AVAILABLE RECORDS below:
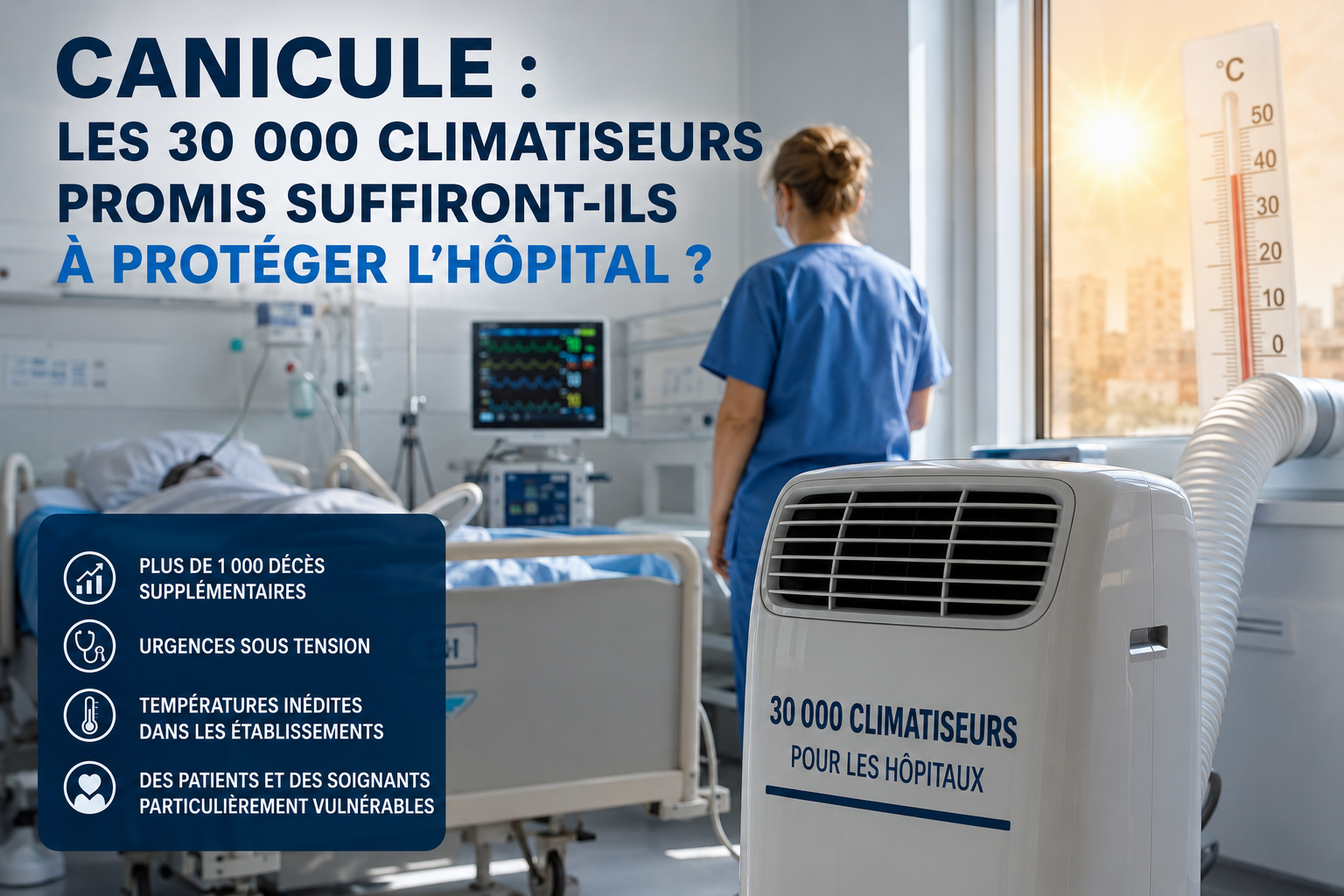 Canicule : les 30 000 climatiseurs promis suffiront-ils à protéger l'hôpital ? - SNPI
End of AVAILABLE RECORDS.
AVAILABLE RECORDS below:
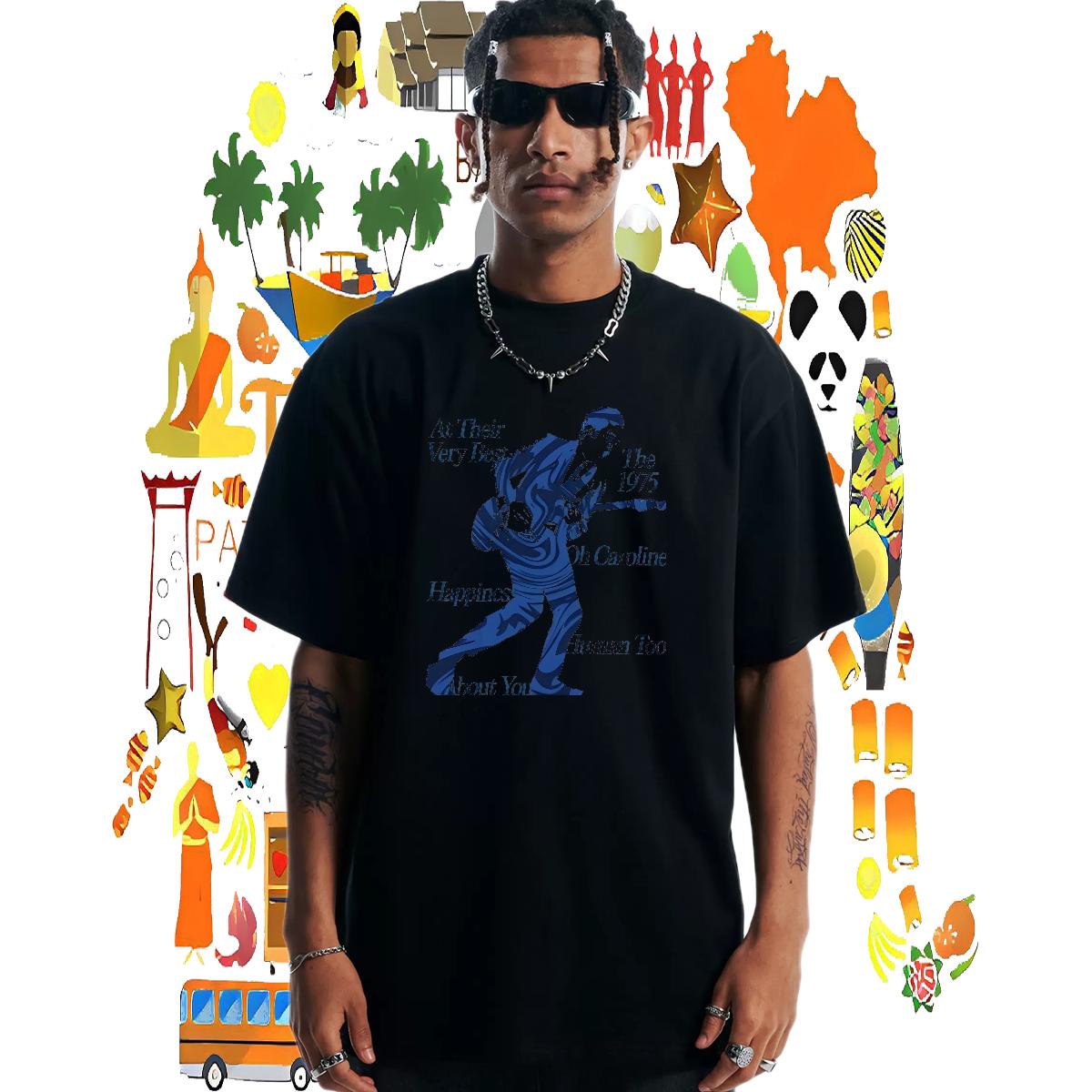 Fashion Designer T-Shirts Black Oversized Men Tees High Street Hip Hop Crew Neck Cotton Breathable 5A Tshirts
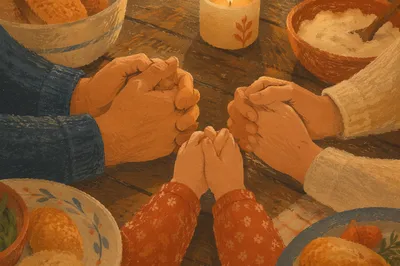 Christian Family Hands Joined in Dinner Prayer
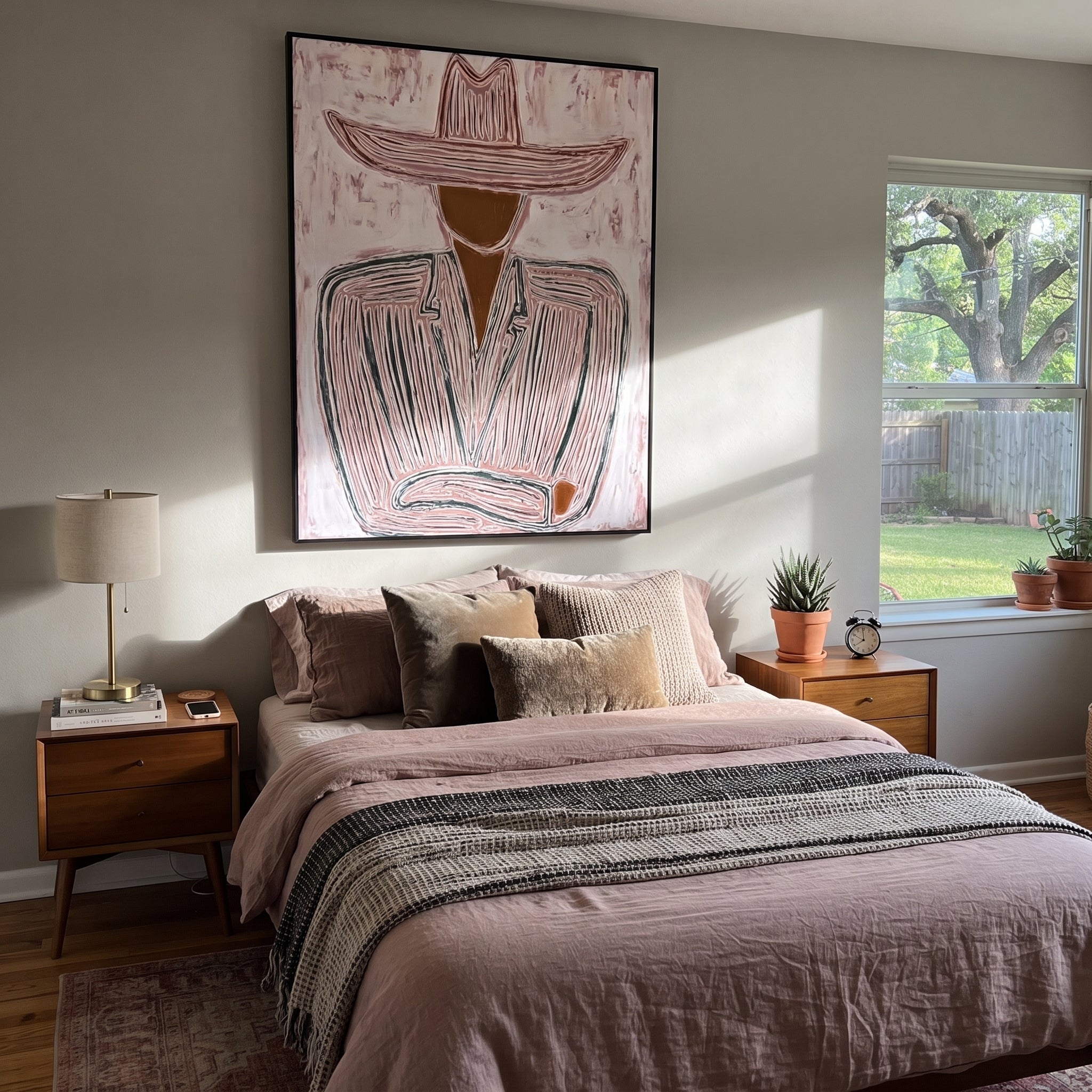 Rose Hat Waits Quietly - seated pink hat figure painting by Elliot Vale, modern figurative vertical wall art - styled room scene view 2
End of AVAILABLE RECORDS.
AVAILABLE RECORDS below:
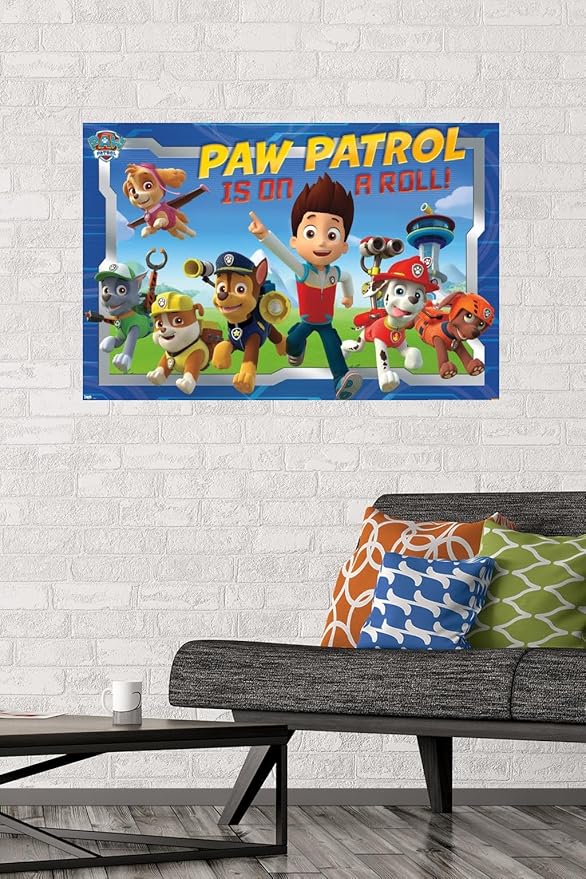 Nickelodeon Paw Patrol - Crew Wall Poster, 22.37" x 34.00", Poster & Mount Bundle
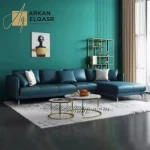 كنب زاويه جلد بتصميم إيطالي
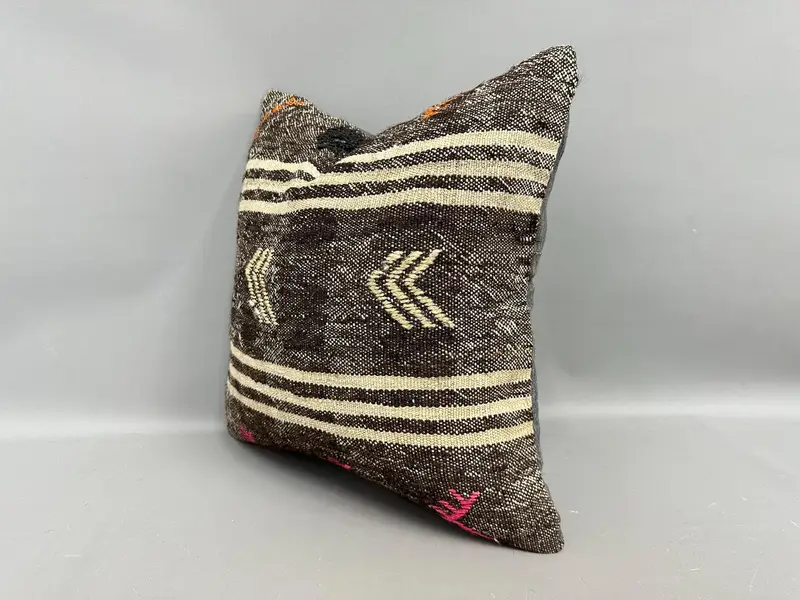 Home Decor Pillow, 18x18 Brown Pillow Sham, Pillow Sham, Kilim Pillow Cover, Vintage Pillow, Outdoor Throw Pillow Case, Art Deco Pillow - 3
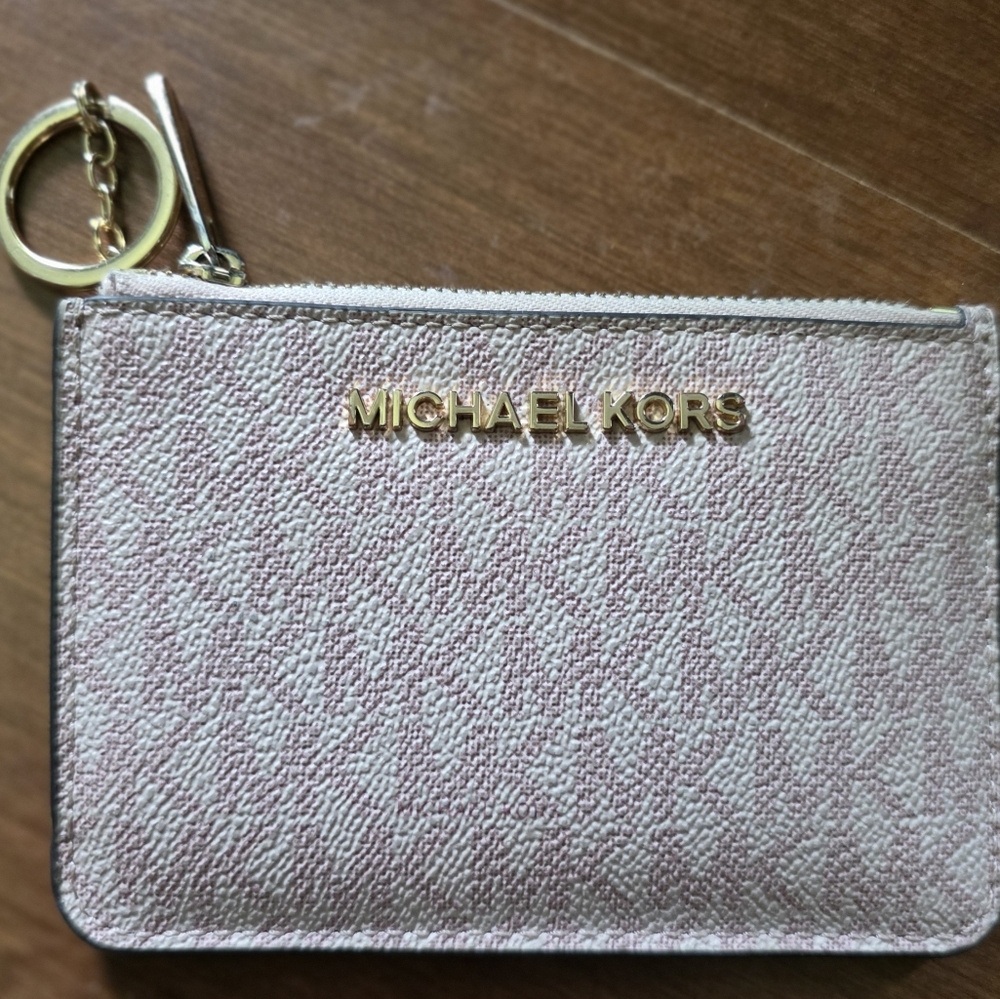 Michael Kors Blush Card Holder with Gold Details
End of AVAILABLE RECORDS.
TASK TO COMPLETE: Reproduce the listing above exactly from the line containing "Christian Family Hands" up to and including the line containing "Rose Hat Waits", omitting any images and everything outside those lines.

EXERCISE ANSWER:
 Christian Family Hands Joined in Dinner Prayer
 Rose Hat Waits Quietly - seated pink hat figure painting by Elliot Vale, modern figurative vertical wall art - styled room scene view 2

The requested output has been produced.